Thursday, June 16, 2011

Vagabond Condensation and Spanish Galleons

I was raised in California. In the winters it sometimes dips into the high 50s, the summers are wildly pleasant and there is no such thing as humidity. So you could imagine my shock moving to New York City, where the summer heat and humidity evaporate and condensate the vagabond’s urine right at nose level and the winters are what the less experienced to such things might call the demonic storms of a frozen hell.

Throwing myself into such new meteorological experiences got me thinking about East Coasters, why they are where they are, and what I learned in school. Apparently, hundreds of years ago groups of Europeans risked their lives to sail west, cramped on small boats for months, in hopes of making it to a new land mass that they had heard might be there, maybe. And it just might be better then where they were coming from. Have you ever been to Madrid? Or Barcelona? These are fabulous places but, apparently, not fabulous enough. These picky people were taking a big risk and making a really bold move.

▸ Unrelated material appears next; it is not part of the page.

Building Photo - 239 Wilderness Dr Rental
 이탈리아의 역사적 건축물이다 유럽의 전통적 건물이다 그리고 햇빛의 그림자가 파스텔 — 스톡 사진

So, what did they do when they finally made it to a wide-open new land and experienced the suffocating humidity and frozen death storms? Instead of continuing west, the same people who sat in place on a boat for three months and ate their uncle’s poop (because he ate the biggest meal before they left) decided they had made it. ‘We’re here!’ they said, lying to themselves. They basically quit and in doing so, they quit on America.

But as school also taught me, some continued heading west. It wasn’t easy, but at least Thanksgiving had happened and the Indians gave them turkeys for their journey. These were the types of people who fell asleep asking themselves ‘Did I just risk my life spending three months in the hull of a tiny boat suckling on Uncle Steve’s poop for this kind of weather?’ And they woke up and yelled ‘No way!’ And their confused wives said ‘What are you yelling at?’ And they said ‘Just get in the car.’

But then another curious thing happened. A good number of these even-more-adventurous people who made it across an entire ocean and then began moving across an entire continent just decided to stop, right in the middle, and lied to themselves saying ‘We made it!’ And a guy said “No we haven’t!” and they killed him. There were no geographical indicators that they had made it anywhere. So the dead guy was right. Have you seen the Midwest? It’s just flat, in all directions, and there’s nothing. In fact, if you flip to a movie and see a car driving through such an area, or even an old western and see a wagon going across the plains, you know that movie has just started or, at best, is right in the middle and you want to see where the characters in the cars and wagons eventually end up because they certainly aren’t stopping where they are. It’s an entire region that is impossible to serve as the geographical conclusion to anything. And Vitrone, I don’t want to hear your Wizard of Oz argument.

My best hypothesis for this second wave of quitters was not learned in school, but rather from the rotating headlines on Yahoo.com which seems to do a story twice a week about morbidly obesity in America, and it turns out most of these people live in the Midwest. Now it’s one thing to sail across the sucky ocean and just flat out quit, but its quite another to continue moving west, get super fat from the Indians and their never ending supply of celebratory turkeys and just get lazy. A few months ago all these guys had were a couple of ounces of Uncle poop in their bellies, now they have stoked Indians shoving a never-ending supply of rotisserie turkeys in their face. I mean you can’t really blame them. But we will anyway.

Then there are the Californians. The few that made it all the way across the ocean, through the crappy East Coast weather and past all of the turkey and meat products to a place that probably looked as beautiful as that Avatar planet (the Avatar planet before the war with the humans, when that giant tree was still up). The type of people who weren’t about to settle for snowstorms or humidity, and probably just didn’t like turkey. One would assume these people, my people, would be the winners. But another trip to Yahoo.com’s rotating headlines proves one wrong.

Yesterday Yahoo reported that the median cost of a home in my hometown of Palo Alto has gone from 1 million to 1.6 million dollars since 2008, even as the rest of the country has tanked. Meaning that to enjoy the beautiful Avatar tree of California one must spend all the money that multiple jobs could ever muster up just to rent a single Avatar leaf to sleep on. Hardly a goal the poop-eating risk takers had in mind a few hundred years back.

So, unfortunately, my people lose. And the winners aren’t the East Coasters either. They’d laugh at the Californians, but their rent is almost the same plus laughing at anything is hard when there’s 90% humidity and your lungs are half-full of evaporated hobo pee.

It turns out the Midwesterners come out on top. Their strong personal motivation coupled with their love of turkey meat has left them at the perfect quitting point. In sprawling eight bedroom homes on three acre lots with eight hundred dollar monthly mortgages and all the left over cash they need to go crazy on the dollar menus. So notch another hole in your 52-inch belt middle America, your love of slightly decent weather and rotisserie-styled anything has gotten you to a much better place than Barcelona.